Monday, January 23, 2023

The insert benchmark on ARM and x86 cloud servers

I used the insert benchmark to compare ARM and x86 servers on AWS. For ARM I used c7g and for x86 I used c6i. The goal was to compare ARM vs x86 on similar hardware (OS, vcpu, RAM and EBS setups were the same). 

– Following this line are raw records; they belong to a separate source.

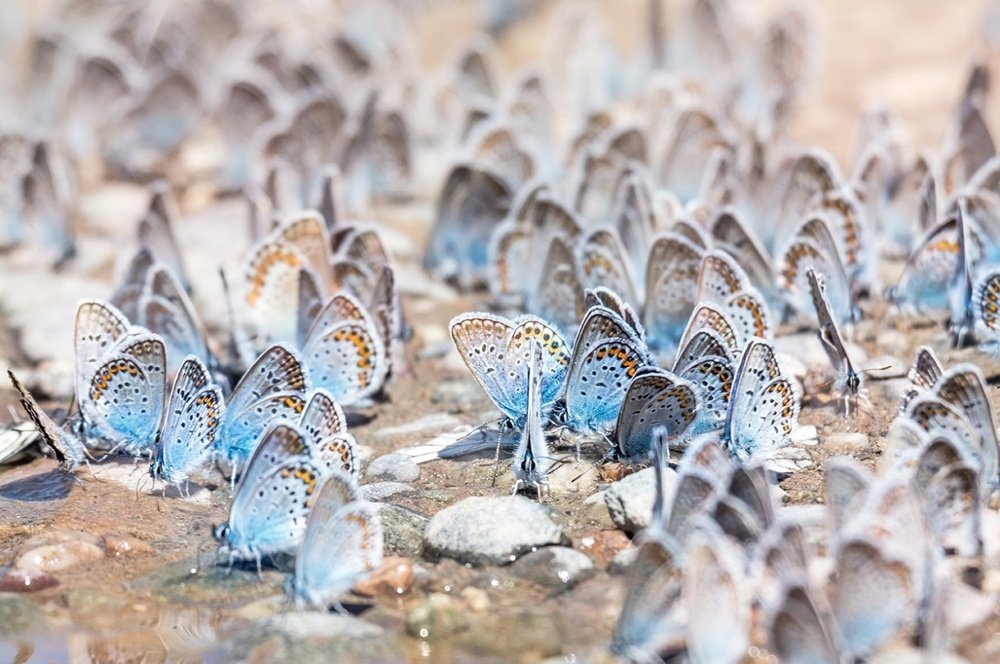 Photograph by Maria Tripoten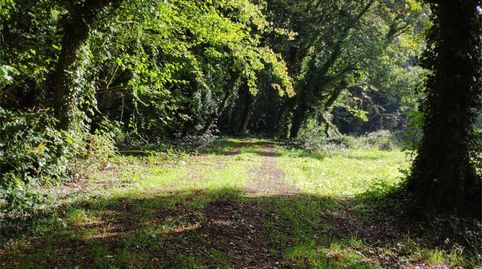 Foto 4 de Finca rústica en venda a Carrer Lugar Granda - Bazar, 1, Castro de Rei, Lugo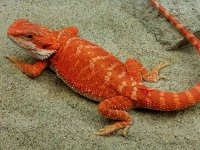 Hypo Het Trans Female #A-R, 12in, $350 - Copy.jpg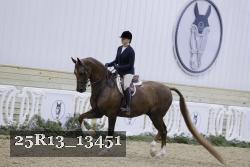 25R13_13451 thumbnail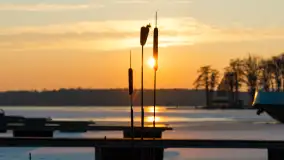 Zachód słońca nad zatoką Tracz, jezioro Kisajno, Giżycko - zdjęcie 5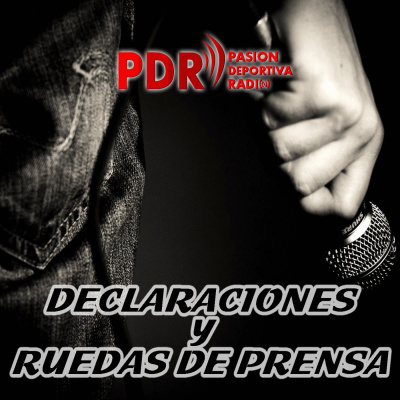 Declaraciones Y Ruedas De Prensa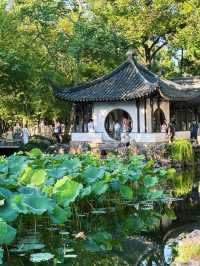 【上海→蘇州】水の都🪭蘇州の絶景
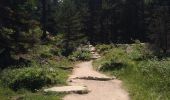 Excursión Senderismo Cauterets - Lac de Gaube - Montée par GR10 - Photo 1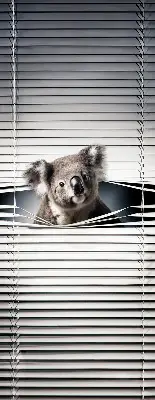 Roletai langams Koala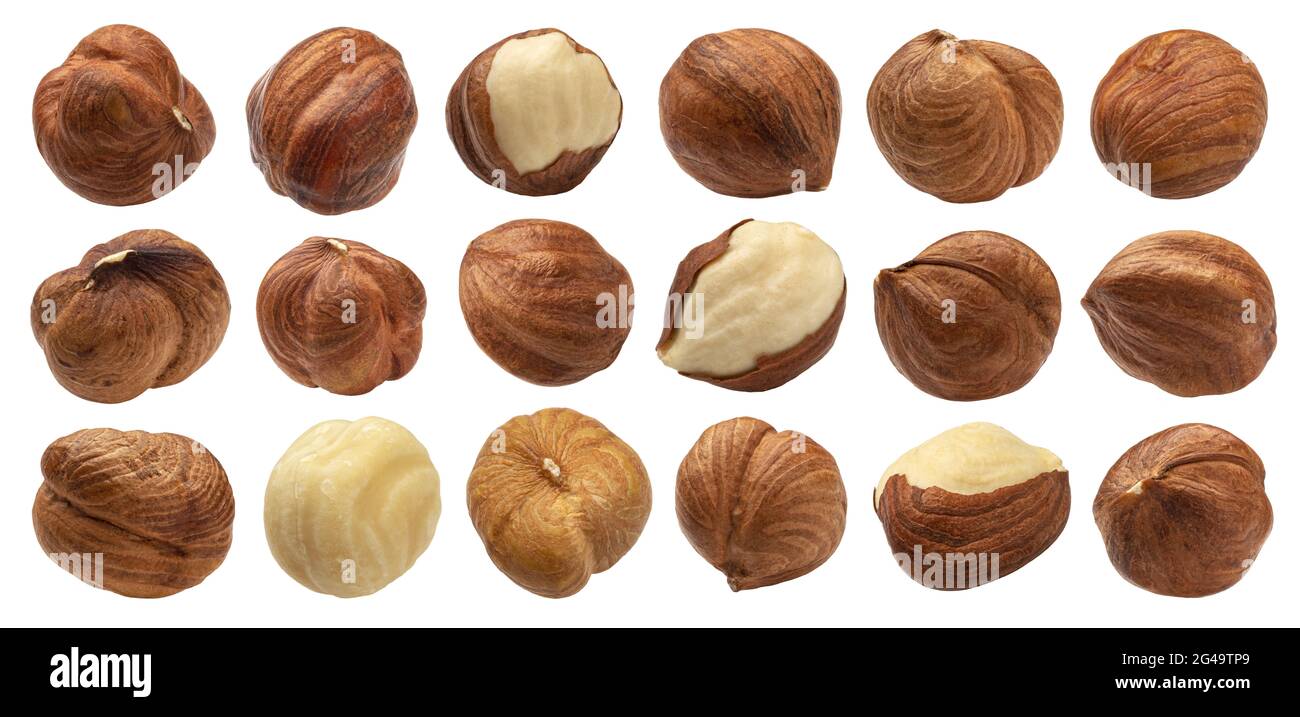 Hazelnuts isolated on white background, nuts collection Stock Photo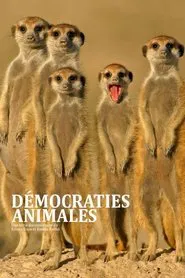 Démocraties animales tv show poster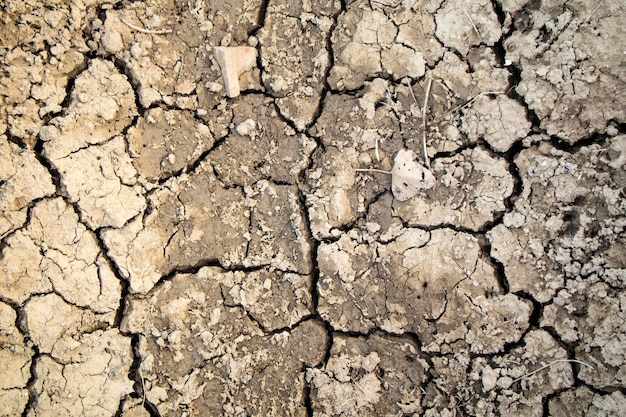 De effecten van droogte op de aarde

While I am not trying to start a benchmarketing battle for c7g vs c6i or Postgres vs MySQL, I suppose that might happen. My goal in doing comparisons like this is to find things that can be improved. Also, in-memory workloads aren't the target use case for MyRocks. It doesn't do great on them. It does do great on write and space efficiency, but those don't matter here. Were this an IO-bound benchmark the MyRocks results would look much better in comparisons.

tl;dr

  • Performance for x86 (c6i) and Arm (c7g) were mostly similar for medium and high concurrency while x86 was faster at 1 client thread. But there were large differences on the high concurrency tests for Postgres - in a few cases Arm did much better, in a few x86 did much better.
  • Some performance problems, like the Postgres QPS drop off at high concurrency, might be resolved by using better compiler flags in the build. Figuring that out is future work.
  • Hyperthreading on Intel rarely improved performance and frequently hurt it
  • For inserts in PK order without secondary indexes
    • Perf at low concurrency is similar for MyRocks and InnoDB and slightly better for Postgres
    • MyRocks does the worst as concurrency & instance size grow
  • For inserts in PK order with 3 secondary indexes
    • Perf at low concurrency is similar
    • MyRocks does the worst and Postgres the best as concurrency & instance size grow
  • For range queries with background writes
    • InnoDB is slightly faster than MyRocks, Postgres is much faster than both
    • Postgres does the best as concurrency & instance size grow with one exception. On the 16xlarge instance Postgres QPS is better with 22 threads than with 44 on Arm (c7g), but on x86 (c6i) the QPS is better with 44 threads as expected.
    • The usage of prepared statements improves Postgres QPS by ~1.25X for q100, q500 and q1000 on 16xl.22t. I have to make prepared statements work for MySQL, or at least get good results, 

Compiling

The benchmark was repeated for Postgres 15.1, MySQL 8.0.31 with InnoDB and FB MySQL 8.0.28 with MyRocks. All were compiled from source with gcc (gcc 11.3.0 on Ubuntu 22.04) and I didn't go out of my way to change the compiler flags.

For the builds on ARM:

  • MySQL uses -march=armv8-a+crc for all (or most) files
  • MyRocks uses -march=armv8-a+crc+crypto for all (or most) files
  • Postgres uses -march=armv8-a+crc for a few files -- the ones related for crc32c
For the builds on x86:
  • MySQL doesn't use -march, -mtune or -mcpu. It does use -O2.
  • MyRocks uses -march=native and -O2.
  • Postgres doesn't use -march, -mtune or -mcpu. It does use -O2.
The -march flags used above are what you get with builds if you don't do anything special. However, it isn't clear that this will get me support for LSE instructions on Arm that might be important on large (many core) servers. For the Arm builds I used here, compiled with -march=armv8-a+crc, I see LSE instructions as mentioned here. But I still wonder whether builds with -mcpu=native would have done better.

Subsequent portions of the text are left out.